Starting at the line that contains "Piaggio MP3, al", repeat each line exactly until the records end, keeping both the first and the last.
Segment Start: Information provided
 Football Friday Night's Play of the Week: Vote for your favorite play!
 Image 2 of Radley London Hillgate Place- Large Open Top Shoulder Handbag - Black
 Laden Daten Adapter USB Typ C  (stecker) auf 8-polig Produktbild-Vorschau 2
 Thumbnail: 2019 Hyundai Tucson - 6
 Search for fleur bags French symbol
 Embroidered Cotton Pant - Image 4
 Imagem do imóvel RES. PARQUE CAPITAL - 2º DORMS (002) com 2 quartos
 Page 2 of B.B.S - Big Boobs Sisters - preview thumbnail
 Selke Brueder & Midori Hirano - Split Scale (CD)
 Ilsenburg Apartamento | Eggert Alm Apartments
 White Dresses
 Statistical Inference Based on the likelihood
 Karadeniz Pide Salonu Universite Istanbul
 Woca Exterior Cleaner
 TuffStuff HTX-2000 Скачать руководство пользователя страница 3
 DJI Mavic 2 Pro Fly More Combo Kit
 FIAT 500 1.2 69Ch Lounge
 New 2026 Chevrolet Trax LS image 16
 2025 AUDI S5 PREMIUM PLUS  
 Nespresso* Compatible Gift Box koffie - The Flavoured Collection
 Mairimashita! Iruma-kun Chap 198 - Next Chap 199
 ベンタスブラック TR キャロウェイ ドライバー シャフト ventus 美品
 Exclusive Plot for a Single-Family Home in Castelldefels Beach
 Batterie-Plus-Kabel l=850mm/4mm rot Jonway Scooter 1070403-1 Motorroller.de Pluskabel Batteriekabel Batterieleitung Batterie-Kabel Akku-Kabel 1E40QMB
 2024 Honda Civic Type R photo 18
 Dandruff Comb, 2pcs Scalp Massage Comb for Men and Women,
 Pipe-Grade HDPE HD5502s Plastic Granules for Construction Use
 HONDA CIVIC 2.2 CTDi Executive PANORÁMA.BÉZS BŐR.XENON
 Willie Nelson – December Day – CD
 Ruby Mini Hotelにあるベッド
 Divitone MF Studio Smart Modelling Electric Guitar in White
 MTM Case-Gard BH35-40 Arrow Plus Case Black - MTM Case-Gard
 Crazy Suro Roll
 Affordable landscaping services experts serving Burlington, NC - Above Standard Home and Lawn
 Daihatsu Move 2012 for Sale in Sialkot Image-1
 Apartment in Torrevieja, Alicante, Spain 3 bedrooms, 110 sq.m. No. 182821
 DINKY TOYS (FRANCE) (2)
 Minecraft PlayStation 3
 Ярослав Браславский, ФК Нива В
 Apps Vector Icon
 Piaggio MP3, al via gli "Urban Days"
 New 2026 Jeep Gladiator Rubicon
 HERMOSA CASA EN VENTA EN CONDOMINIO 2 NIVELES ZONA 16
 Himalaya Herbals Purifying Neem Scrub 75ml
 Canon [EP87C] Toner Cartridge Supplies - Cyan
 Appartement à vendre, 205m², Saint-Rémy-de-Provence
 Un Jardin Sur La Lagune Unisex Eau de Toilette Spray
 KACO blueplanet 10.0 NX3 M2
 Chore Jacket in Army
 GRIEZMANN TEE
Segment End: Information provided
Task output:
 Piaggio MP3, al via gli "Urban Days"
 New 2026 Jeep Gladiator Rubicon
 HERMOSA CASA EN VENTA EN CONDOMINIO 2 NIVELES ZONA 16
 Himalaya Herbals Purifying Neem Scrub 75ml
 Canon [EP87C] Toner Cartridge Supplies - Cyan
 Appartement à vendre, 205m², Saint-Rémy-de-Provence
 Un Jardin Sur La Lagune Unisex Eau de Toilette Spray
 KACO blueplanet 10.0 NX3 M2
 Chore Jacket in Army
 GRIEZMANN TEE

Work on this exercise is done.